◆ AVAILABLE DATA

##############################

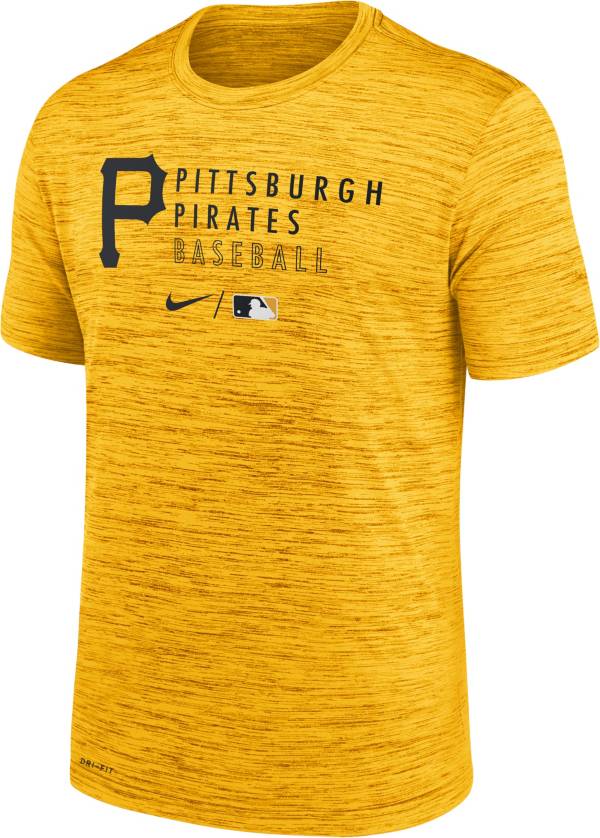 Nike Men's Pittsburgh Pirates Yellow Authentic Collection Velocity Practice T-Shirt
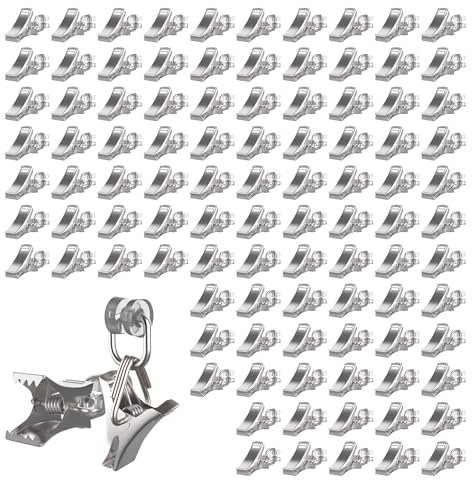 EFUTURETIME 100 STK. Vorhang Klammern Metall mit Laufrollen, T-Rolle mit Gardinen Clips Edelstahl, Gardinenröllchen für Schiene für T-Schiene im Gardinen Wohnwagen Campingwagen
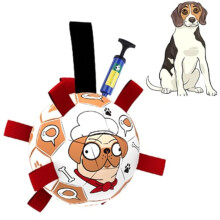 CHUKCHI Soccer Ball Interactive Toy for Tug of War, Water Play - Puppy Birthday Gift, Durable Ball for Small Medium & Large Dogs (7.5 Inch)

##############################

◆ ASSIGNED TASK
Starting with the line that contains "EFUTURETIME 100 STK." and ending with the last line of the material, every line must be written out exactly; no other lines and no pictures are wanted.

◆ RESPONSE TO THE TASK
 EFUTURETIME 100 STK. Vorhang Klammern Metall mit Laufrollen, T-Rolle mit Gardinen Clips Edelstahl, Gardinenröllchen für Schiene für T-Schiene im Gardinen Wohnwagen Campingwagen
 CHUKCHI Soccer Ball Interactive Toy for Tug of War, Water Play - Puppy Birthday Gift, Durable Ball for Small Medium & Large Dogs (7.5 Inch)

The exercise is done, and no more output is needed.